-- Provided material --
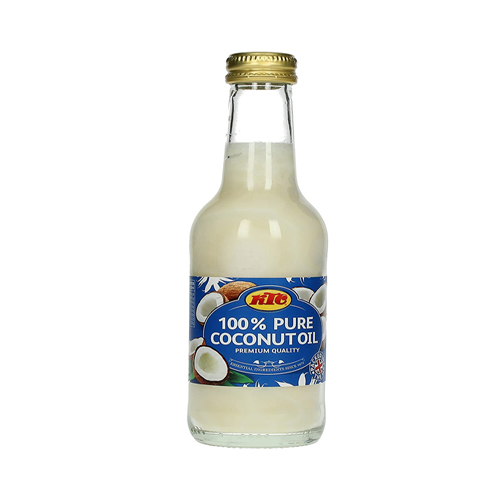 KTC Pure Coconut Oil 250 ml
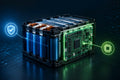 What Are the Key Components of a Lithium-ion Battery Pack?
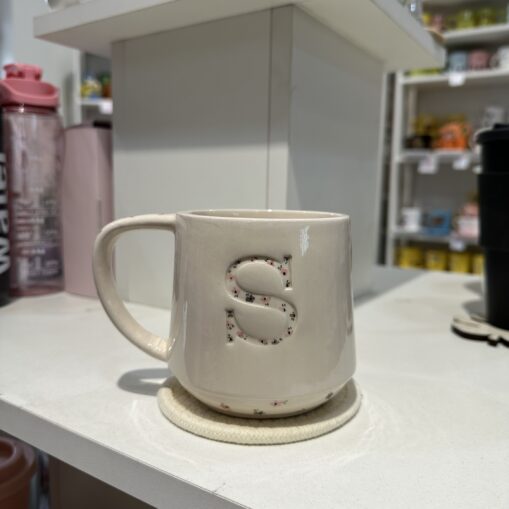 Taza inicial - S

-- Exercise --
Once more, please print the whole listing exactly, omitting each image.

-- Your response --
 KTC Pure Coconut Oil 250 ml
 What Are the Key Components of a Lithium-ion Battery Pack?
 Taza inicial - S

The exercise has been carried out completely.